Thank you for the guidance. I updated the kernel to the latest stable version (#110) and setup locked core clocks on my GPU’s. The mhs is a bit lower, but so far so good in terms of stability.
It hasn’t gone offline since I did the actions last night. I’ll keep monitoring, but if it stays online for 24 to 48 hours I’ll start playing with the overclocks again to see if I can get a bit more mhs.
I spoke too soon on the stability. The rig is still going off-line and it seems to happen more during the day when the temperature is hot. It’s been in the 90’s here in southern California. In the evenings the mining rig seems to be more stable.
I’ve played with the overclocks, but it still goes off-line. This is so strange as the rig was pretty stable up to a few weeks ago. I don’t recall what changed since then.

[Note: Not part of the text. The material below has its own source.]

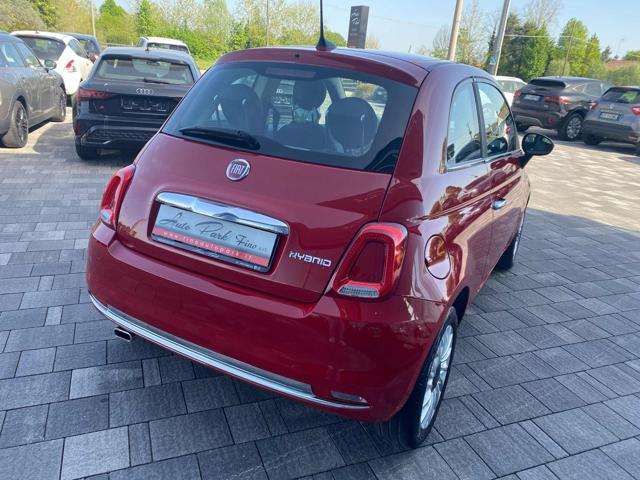 FIAT 500 usata, con Airbag Passeggero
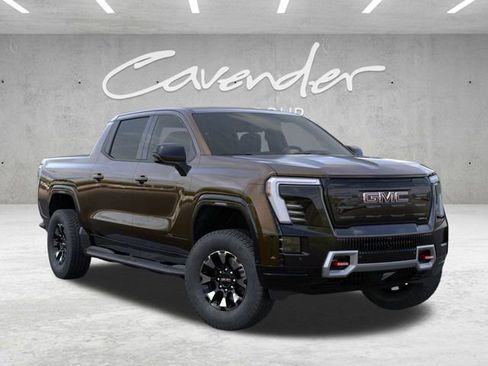 New 2026 GMC Sierra EV AT4 image 7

Would you happen to know how to look at the logs to see if that reveals anything? I might also try unplugging the GPU’s and adding them back one at a time to see if that fixes it.
Unfortunately, no error messages. It simply goes offline anywhere from 10 minute to 20 minutes after start.
Last night, I reverted back to the original BIOS on the 1660S in hopes that would get it stable, but no luck.
My next troubleshooting step will be to unplug my 8 GPU’s and add them add them back one at a time to see if that somehow fixes it. Otherwise my next step is to get a new SSD drive and reinstall HiveOS on it. I’ve seen some other miners do this last step with good results.
I would start with more conservative memory clocks to test, maybe around 1000. Leave the core clocks where they’re at. If it’s stable work their way up.
I changed my memory clocks to 1000 on my 3060ti’s and 3070 and seemed to work as it was mining for about 12 to 13 hours straight, but around 10am this morning it went off-line again. No error message or anything.
I’m going to turn on the logs to see if that captures anything in the background that could tell me what’s going on.